Here's a commented version of the inner loop for one of the coppers. Register s11 points to the next instruction in the copperlist, and register s10 holds the number of the current rasterline:

        j       loop            # jump to loop entry-point
store:
        add     a0, a0, gp      # compute target address
        sh      a1, 0(a0)       # and update the register
loop:
        lh      a0, 0(s11)      # read register offset, or 0 for wait
        lh      a1, 2(s11)      # read parameter
        addi    s11, s11, 4     # increment pointer to next instruction
        bnez    a0, store       # branch if this was a store instruction

        bgeu    s10, a1, loop   # keep looping if we've reached the line

        addi    s11, s11, -4    # otherwise done for now; undo last increment

Framebuffer DMA

When both coppers have reached a waiting state, Core 1 proceeds to set up the PIO state machines and DMA for the upcoming line. Three DMA channels are configured to feed one line's worth of pixels into each of the pixel-emitting PIO state machines. A line is 512 pixels across, corresponding to 64 words. But because of the smooth-scrolling feature, the line might be shifted anywhere from zero to seven pixels to the left. Therefore, the DMA channels are configured to transfer 65 words per line, and for non-scrolling parts this extra word turned out to be a popular place for stray uninitialized pixels to sneak in and hang the state machines.

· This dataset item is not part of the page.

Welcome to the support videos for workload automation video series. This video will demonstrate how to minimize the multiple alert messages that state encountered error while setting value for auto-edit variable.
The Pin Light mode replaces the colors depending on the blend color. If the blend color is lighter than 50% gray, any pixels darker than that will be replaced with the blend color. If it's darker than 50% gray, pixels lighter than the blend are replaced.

An interesting gotcha: The RP2350 DMA block keeps track of how full the PIO FIFO is, and holds off until there's room for more pixels. But it does this using an internal counter rather than looking at the actual state of the FIFO. I'm sending commands (i.e. the special pixel value 3 followed by a PIO address) directly from the CPU when preparing for a new line, but then I transmit the actual pixels using DMA. Hence I must ensure that the FIFO is completely empty before switching between the two methods, otherwise some data could be lost.

Ring buffers and tiling

The DMA controller has a ring buffer mode in which a channel can keep its read or write address within a naturally aligned block of memory, effectively wrapping the lower bits while keeping the upper bits constant. The datasheet suggests that this can be used for streaming applications, where for instance the software constantly renders new data into a circular buffer and the DMA consumes it, but I also found it very useful for graphical effects.

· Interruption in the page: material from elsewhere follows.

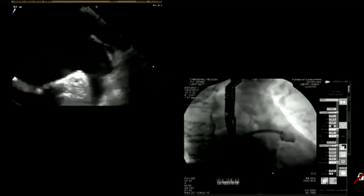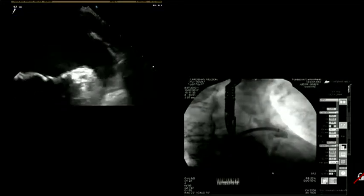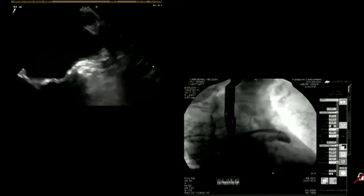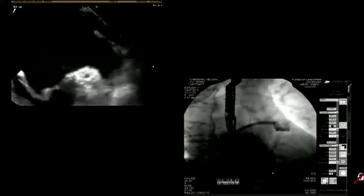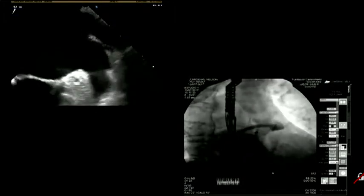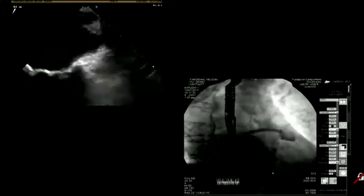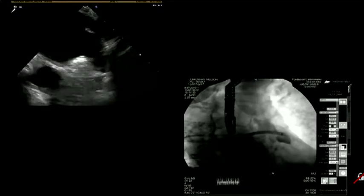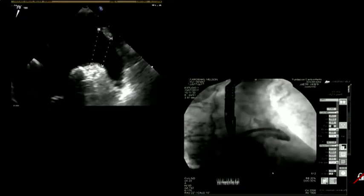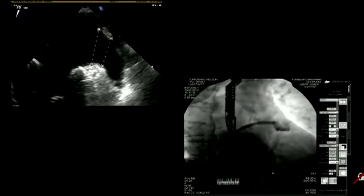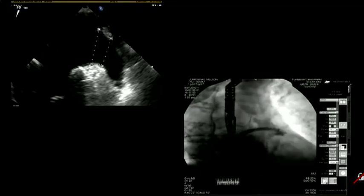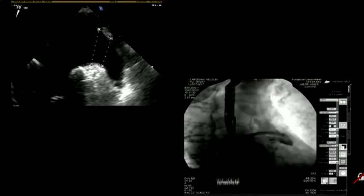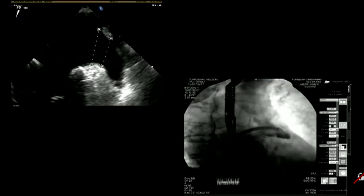The audience would like to see some pre-implantation echo images. In this echo view, you make the same measurement from the circumflex to the tip. For the Amulet, there are two measurements instead of one — because of the type of device, there is a distal zone and a proximal zone. The distal portion is the anchor zone and the proximal is the sealing zone.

A ring buffer that is smaller than the width of the screen results in a repeating pattern of pixels across the rasterline, i.e. horizontal tiling. This can be seen in the kaleidoscope backgrounds, which are only 256 pixels wide; two copies are displayed next to each other.

Conversely, a ring buffer that spans an entire rasterline (or more) behaves like a wide, cyclical canvas that can be positioned anywhere relative to the viewport. Together with the smooth-scrolling feature, this allows you to scroll graphics or text horizontally across the screen without having to worry about the seam at the wraparound point.

For instance, the city skyline in this screenshot is a static bitmap displayed by the bottom layer. It's exactly as wide as the screen: If you look closely while the effect is running, you can see that the buildings that disappear at the left edge of the screen reappear at the right edge. If the scrolling had kept going, you would eventually have seen the moon in two places, breaking the illusion.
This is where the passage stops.